Tallinn, 16 May 2017

We are glad to publish the full review of Geenius.ee tech portal of CybExer Cyber Hygiene e-Learning platform that thousands of Estonian Civil Servants will now be able to undertake.

Review is authored by Hans Lõugas (Geenius.ee)

Estonian company CybExer Technologies has developed a web-based tool, which will help people and organizations understand how their own behavior could result in a cyber threat incident in the form of hacking, data leak or attack. In May, tens of thousands of Estonian officials will start taking it, and Geenius editor’s office had an exclusive opportunity to evaluate their risks and see what such testing implies.

You cannot fail at this test, but it will show your weaknesses

How many of our workers would plug a memory stick found in the elevator into their computers? Or do they know what a screen privacy filter is?

To get the sincerest responses and to avoid naming and shaming anyone among the staff, the results of individual test-takers could only be seen by the editor in chief. In total, six Geenius employees completed the test, and one left it unfinished (a separate discussion with that person will take place later). Overall, the test, divided into several parts, took more time than a coffee break but less than a lunch break.

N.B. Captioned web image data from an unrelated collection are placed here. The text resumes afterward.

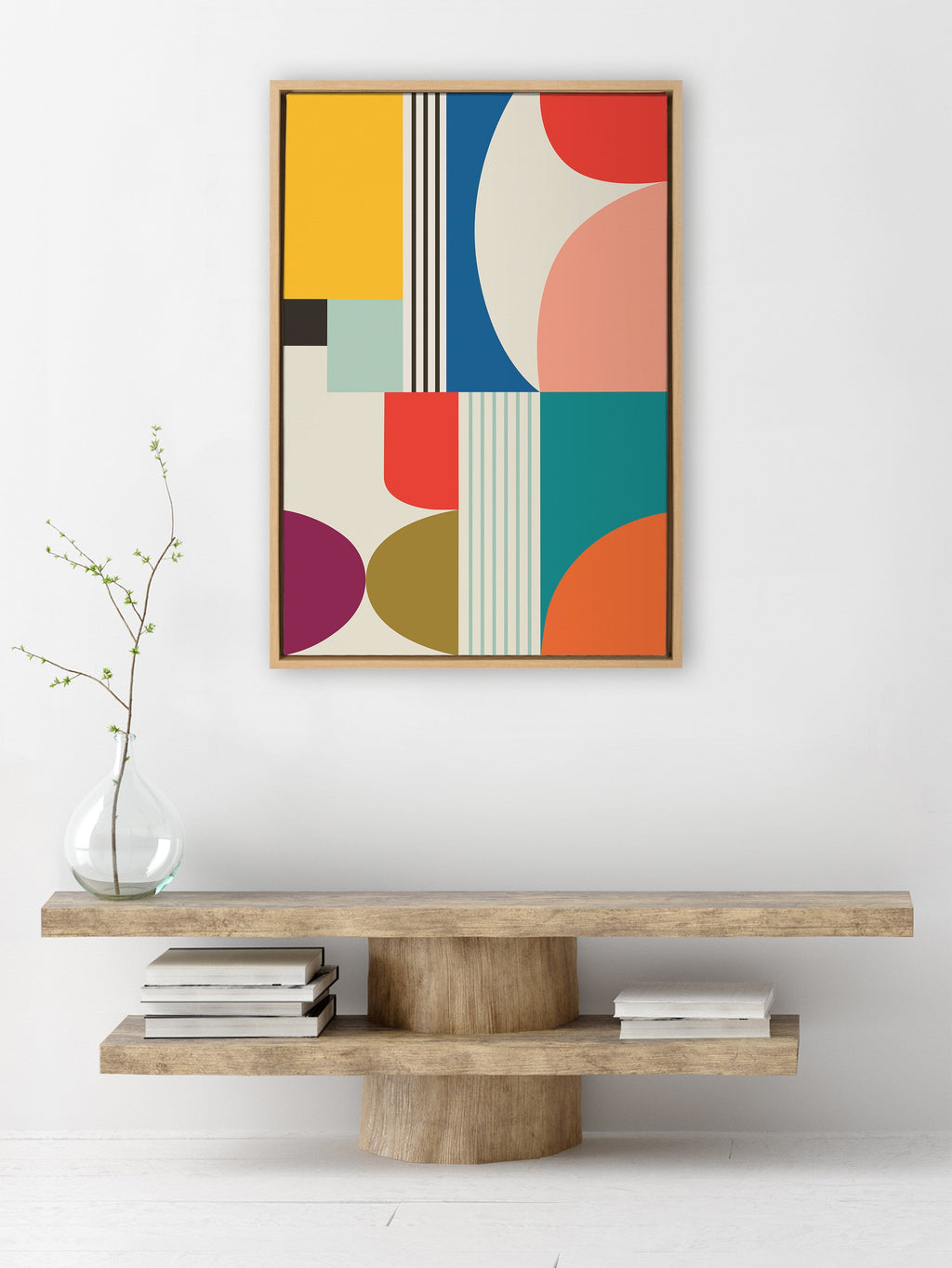 Sylvie Mid Century Modern Pattern Framed Canvas by Rachel Lee of My Dream Wall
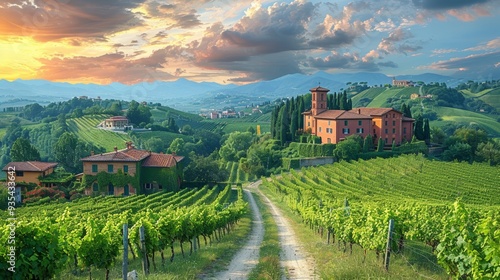 Scenic view of Barbaresco village and Langhe vineyards at sunset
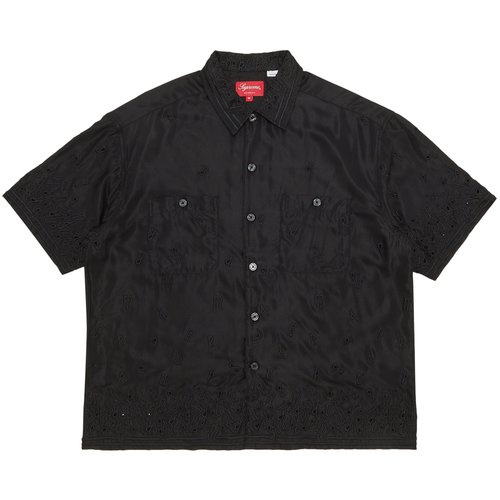 Supreme Nouveau Embroidered Short-Sleeve Shirt - SS23S12 BLACK
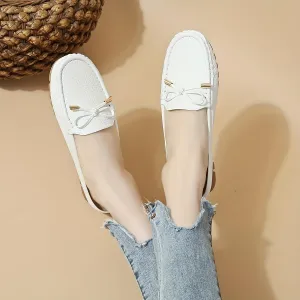 Spring And Summer Headless Half-Slippers, Cool Slippers, Ladies' Hand-sewn Bow, Lazy Slip-on Slippers,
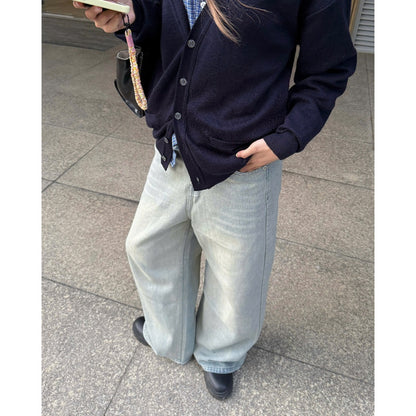 Whose Faded Wash Straight Leg Jeans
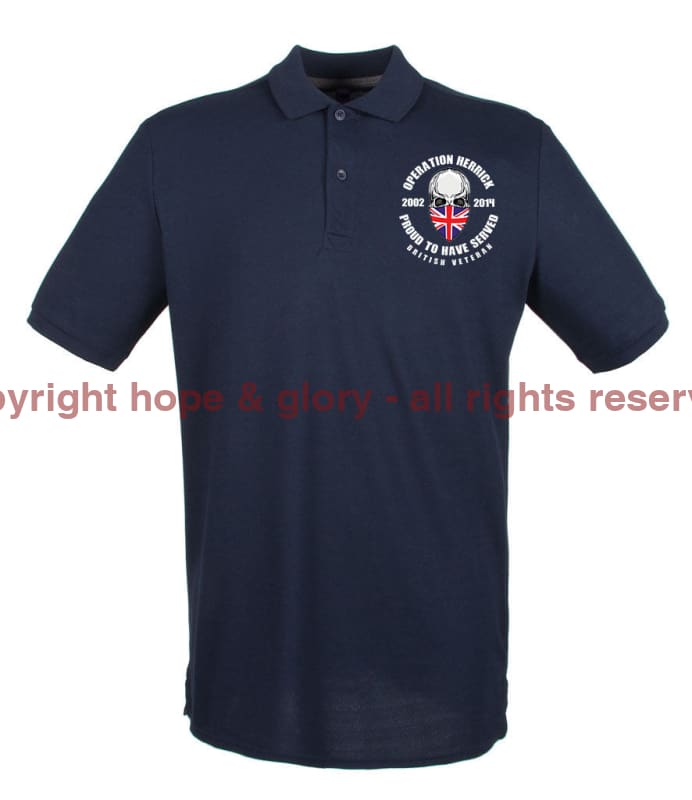 OP HERRICK Afghanistan War Veteran Embroidered Pique Polo Shirt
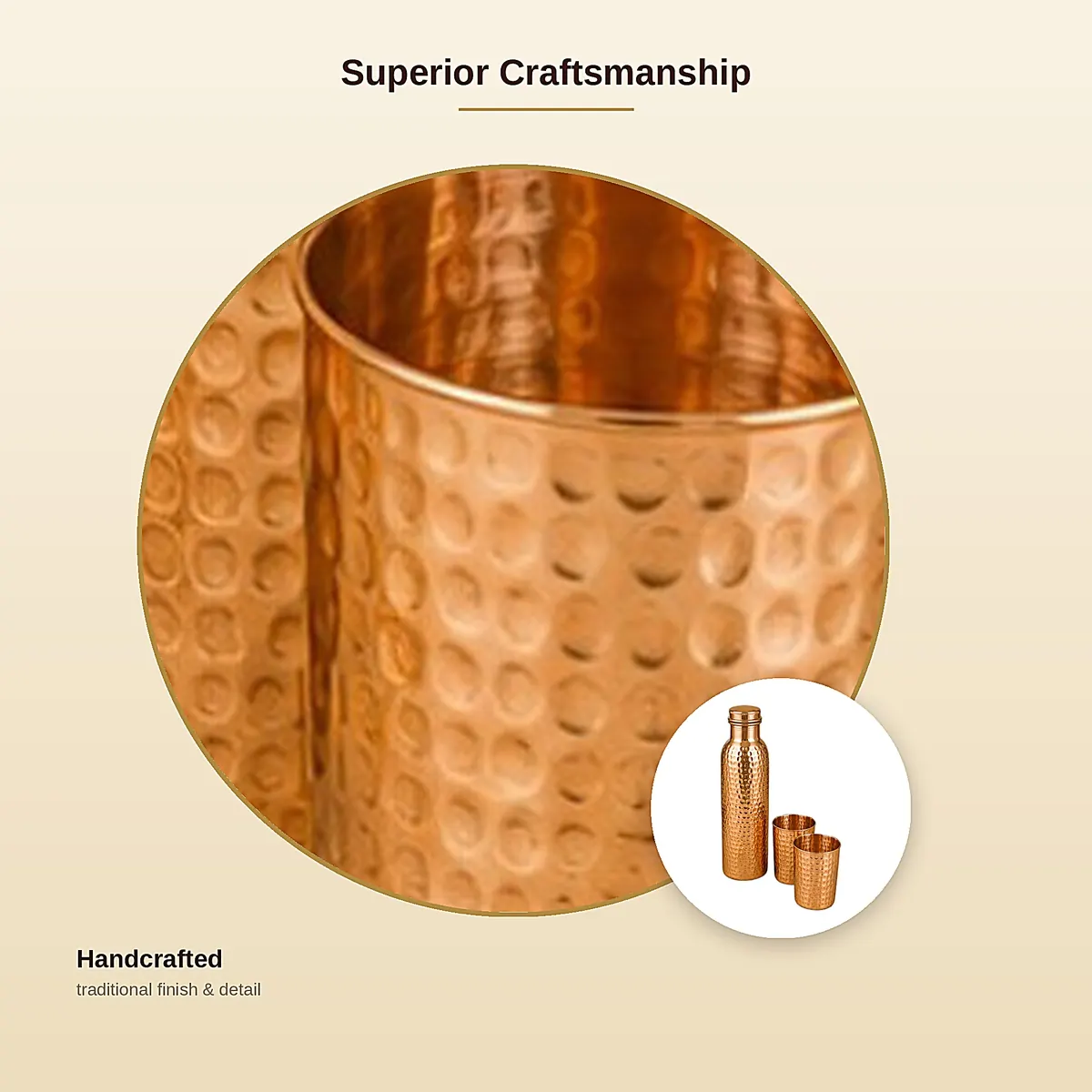 Copper Bottle with 2 Glasses – Hammered — view 5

In addition to making people mentally rehearse real-life situations, the most efficient feature of CybExer’s test is the ‘radar’ of results. It means that no-one will be getting points, for instance, ranging from 1 to 5 like in school or ‘fail’. Instead, the risk level across various areas will be displayed: for example, personal attitudes and approaches of individuals will be assesses as well as their knowledge and how cyber security is fostered within the organization, and so on.

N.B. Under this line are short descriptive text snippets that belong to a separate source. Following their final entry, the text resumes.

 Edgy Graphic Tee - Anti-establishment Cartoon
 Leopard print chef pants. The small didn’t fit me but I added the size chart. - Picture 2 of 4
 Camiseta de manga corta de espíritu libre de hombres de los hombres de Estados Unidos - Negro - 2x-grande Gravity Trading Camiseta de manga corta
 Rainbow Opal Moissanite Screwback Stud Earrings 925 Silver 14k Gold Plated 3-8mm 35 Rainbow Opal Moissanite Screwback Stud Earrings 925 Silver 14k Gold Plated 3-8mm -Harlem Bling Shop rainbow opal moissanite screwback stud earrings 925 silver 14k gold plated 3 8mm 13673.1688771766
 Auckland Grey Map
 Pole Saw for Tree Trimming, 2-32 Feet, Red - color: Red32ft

Our best result among all the test-takers was the following:

The test-taker’s cyber security risk level in all dimensions was 0% (the Social Media is displayed as an example). Photo: screenshot

Of course, we did not achieve such a figure in the organization as whole. We are not going to tell our readers what Geenius’ risk profile looks like in detail (by the way, the test does not have a situation in which a person would publicly disclose their CybExer cyber hygiene test results). in some areas, our risk levels have proven to be surprisingly high, but these can be associated with journalists’ duties.

It was especially good to know though that our lowest risk level (meaning that this is what we are the best at) characterizes our cooperation: people are willing to share information and become involved in ensuring security.

CybExer cyber hygiene test

So, what did Geenius journalists think about someone evaluating their skills in safe computer use?

Test-takers’ opinions: listen to the Digitund [Digital Hour] on the radio, and your score will be 90%

“The test is certainly extremely important, especially for people who are not exposed to information about cyber security on a daily basis,” one test-taker believed. “It makes on think about things we normally do not stop to consider, for instance, looking on the screen over someone’s shoulder or stealing confidential information.”

“What I can say is that you listen to the Digitund show, you will be 90% aware of such cases,” another test-taker said, emphasizing, that one did not need to be a ‘hacker’ or even read professional message boards to behave correctly in the described situations involving cyber security.

Another person thought it was very positive that the test covered a variety of issues, starting with Wi-Fi settings at home and down to phishing e-mails. “I liked it that the test can be completed by people who believe they have higher technology awareness than average and also those who are ‘weaker’ at technology and cyber security,” was the comment concerning the flexibility of the test.

As it always is in a group of people, some were happy with the test, and others, not so. One test-taker thought that the questions were too easy and apparently meant for children; weirdly enough, it was this person who displayed a risk level of 75% in one dimension. What did the test lack? “One topic I expected to see but did not was using cloud services: how to treat the storage of documents in Dropbox or cooperation with colleagues in Google Docs.”

CybExer: the test will keep evolving

“Feedback from users is very important for us, and it helps us keep improving the solution in terms of both content and functionality. We will certainly take feedback from Geenius into consideration during our future development cycles,” said Janek Gridin, member of the board at CybExer.

“Similarly to the ever-changing cyber-world with its threats around us, our questions and the study-aid part keep evolving to make sure that people’s awareness about the treats is high, and their knowledge is thorough. For example, if such ransomware attacks like WannaCry, which has wreaked havoc all over the world, happen more often, more attention will definitely be paid to this issue,” Gridin said. “The team of Geenius.ee took the test in the role of regular users; in addition to that, there are questions and study aids for specialists and management executives, which provide a comprehensive overview of the entire organization with various roles and areas of responsibility within it.”